Ukraine lawmaker says Yanukovych has promised to resign

Ukraine lawmaker says Yanukovych has promised to resign

KIEV - A member of Ukraine's parliament said on Saturday that President Viktor Yanukovych has promised to submit his resignation in response to violence that left nearly 100 dead in anti-government unrest.

Batkivshchyna (Fatherland) opposition party lawmaker Mykola Katerynchuk told reporters that Ukraine's embattled leader said he would resign in a conversation with protest leader Arseniy Yatsenyuk.

"Yatsenyuk demanded in the name of Maidan that Yanukovych resign," the lawmaker said in reference to the mass anti-government protests that have been raging on central Kiev's Independence Square since Yanukovych rejected an historic EU trade deal in November.

"Yanukovych promised to put it in writing and we are waiting for him to do so," Katerynchuk said.

Rumours of the embattled leader's imminent departure from power have swirled around Kiev since Yanukovych and three top opposition leaders signed a deal on Friday aimed at ending Ukraine's worst crisis since its post-Soviet independence.

The peace pact shifts most political powers toward parliament and away from the presidency.

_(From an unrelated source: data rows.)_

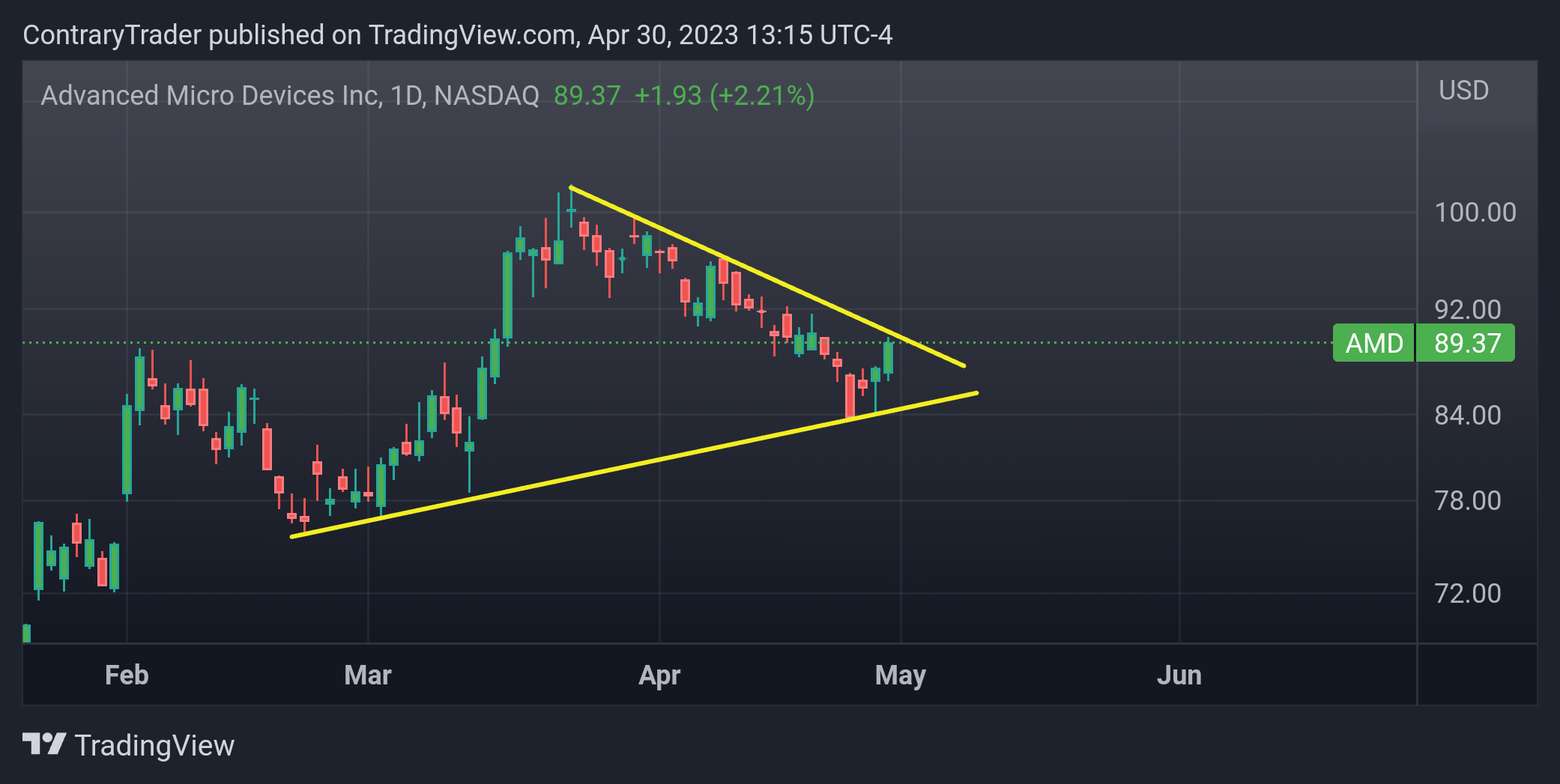 NASDAQ:AMD Chart Image by ContraryTrader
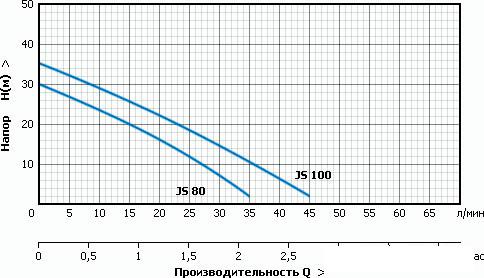 Самовсасывающий насос Unipump JS 100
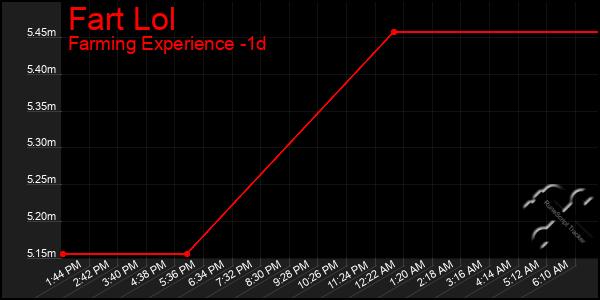 Last 24 Hours Graph of Fart Lol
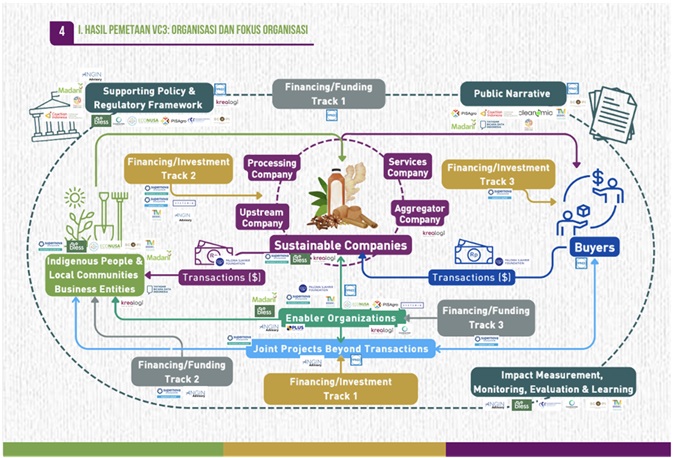 Partnership materials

Yanukovych also agreed to move forward March 2015 elections to December and quickly appoint a new coalition government.

But the protest movement has radicalised considerably in the days since the police first opened fire against protesters in the heart of Kiev on Tuesday night.

Yanukovych left Kiev late on Friday for the industrial eastern city of Kharkiv - a bedrock of the president's pro-Russian support.

A spokeswoman for the president told AFP that Yanukovych was planning to meet voters in Kharkiv and make a local television appearance.

But she denied to Ukrainian media that Yanukovych intended to resign.